Fatma S. Alrayes1, Nuha Alshuqayran2, Mohamed K Nour3, Mesfer Al Duhayyim4,*, Abdullah Mohamed5, Amgad Atta Abdelmageed Mohammed6, Gouse Pasha Mohammed6, Ishfaq Yaseen6

1 Department of Information Systems, College of Computer and Information Sciences, Princess Nourah Bint Abdulrahman University, P. O. Box 84428, Riyadh, 11671, Saudi Arabia
2 Department of Information Systems, College of Computer and Information Sciences, Imam Mohammad Ibn Saud Islamic University, Saudi Arabia
3 Department of Computer Sciences, College of Computing and Information System, Umm Al-Qura University, Saudi Arabia
4 Department of Computer Science, College of Sciences and Humanities-Aflaj, Prince Sattam bin Abdulaziz University, Saudi Arabia
5 Research Centre, Future University in Egypt, New Cairo, 11845, Egypt
6 Department of Computer and Self Development, Preparatory Year Deanship, Prince Sattam bin Abdulaziz University, AlKharj, Saudi Arabia

* Corresponding Author: Mesfer Al Duhayyim. Email: email

Computers, Materials & Continua 2023, 74(3), 6737-6753. https://doi.org/10.32604/cmc.2023.032591

Abstract

Recently, Internet of Things (IoT) devices have developed at a faster rate and utilization of devices gets considerably increased in day to day lives. Despite the benefits of IoT devices, security issues remain challenging owing to the fact that most devices do not include memory and computing resources essential for satisfactory security operation. Consequently, IoT devices are vulnerable to different kinds of attacks. A single attack on networking system/device could result in considerable data to data security and privacy. But the emergence of artificial intelligence (AI) techniques can be exploited for attack detection and classification in the IoT environment. In this view, this paper presents novel metaheuristics feature selection with fuzzy logic enabled intrusion detection system (MFSFL-IDS) in the IoT environment. The presented MFSFL-IDS approach purposes for recognizing the existence of intrusions and accomplish security in the IoT environment. To achieve this, the MFSFL-IDS model employs data pre-processing to transform the data into useful format. Besides, henry gas solubility optimization (HGSO) algorithm is applied as a feature selection approach to derive useful feature vectors.
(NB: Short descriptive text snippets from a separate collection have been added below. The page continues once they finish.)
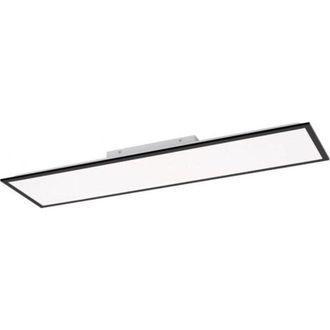 Leuchten Direkt Faretto a pannello led da soffitto con luce diurna, telecomando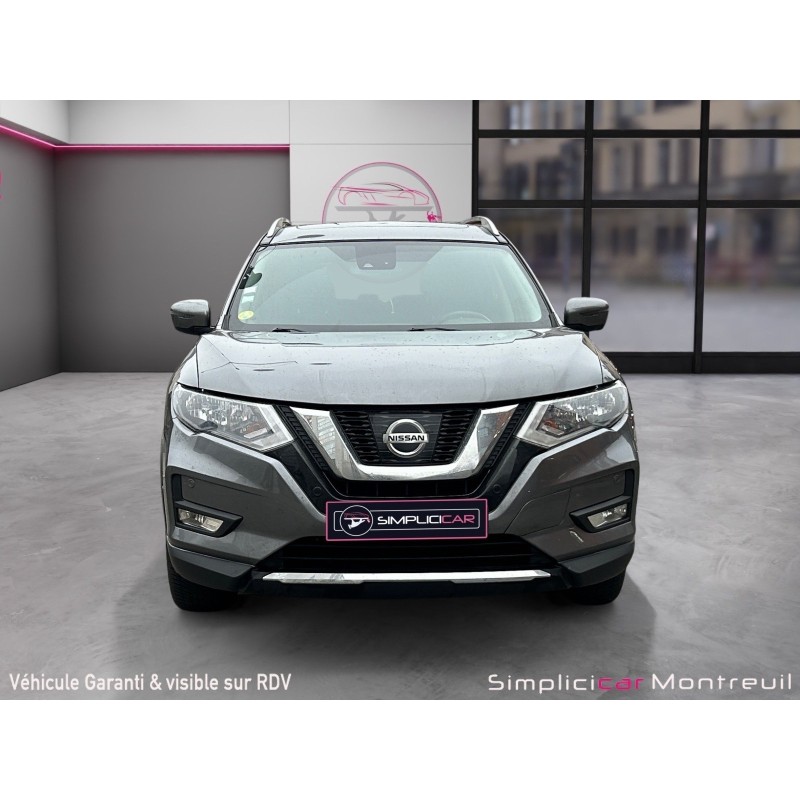 NISSAN X-TRAIL 1.6 dCi 130 Xtronic 7pl N-Connecta GARANTIE 12 MOIS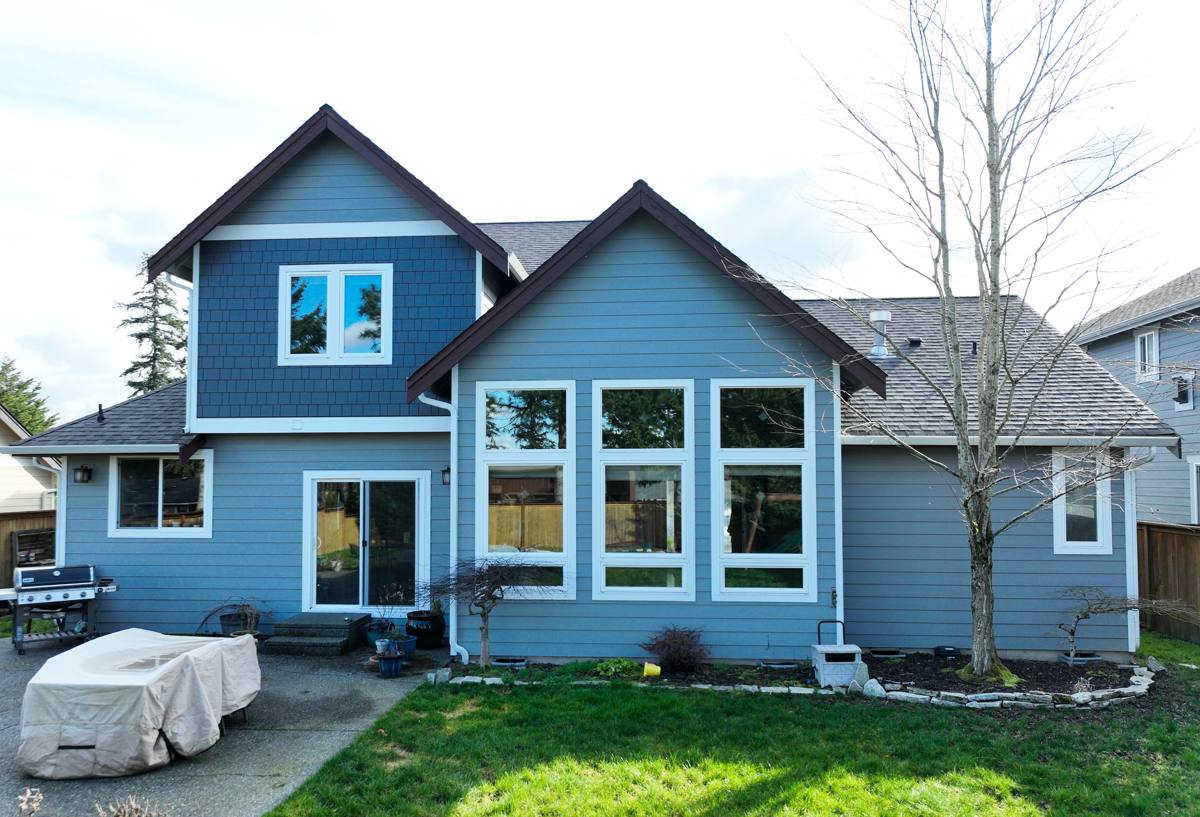 Anacortes Exterior Contractor siding installation in Anacortes, WA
Moreover, adaptive neuro fuzzy inference system (ANFIS) technique was utilized for the recognition and classification of intrusions in the network. Finally, binary bat algorithm (BBA) is exploited for adjusting parameters involved in the ANFIS model. A comprehensive experimental validation of the MFSFL-IDS model is carried out using benchmark dataset and the outcomes are assessed under distinct aspects. The experimentation outcomes highlighted the superior performance of the MFSFL-IDS model over recent approaches with maximum accuracy of 99.80%.

Keywords


1  Introduction

Recently, the Internet of Things (IoT) network and its smart gadgets are widening in all respects of our community, namely smart grids, smart homes, intelligent distributed networks, smart manufacturing industries, smart virtual learning environments, smart hospitals, and intelligent vehicles, [1]. Currently, various activities associated with IoT have obtained interest within the industry as well as in the academic region because of its potential usage in various human actions. IoT depicts a potential solution for enhancing standards of people’s life (for example, the smartwatch, that observes health via sensors [2]), and various technologies made familiar with the decline in sensor prices, the outreach of remote memory services, and huge data. It has been made clear that accessibilities to these resources reinforce IoT while gadgets with various resources are linked to a network, therefore endowing to the advent of new applications [3]. Such a new whole ground has accompanied by a price they are, the need for security. Therefore, large-scale diffusion of such technology is joined by various security difficulties regarding the huge amount of streams of data flowing from or to the smart gadgets themselves [4]. As a result, many IoT applications need protection and security, including precise validation and categorization methods in turn, along with those sufficient solutions for guaranteeing integrity and confidentiality. Furthermore, offering the extensive usage of IoT gadgets, immoral actions would have deep effects on the strength and the security of the whole Internet [5,6]. Fig. 1 illustrates the process invovled in deep learning (DL) techniques.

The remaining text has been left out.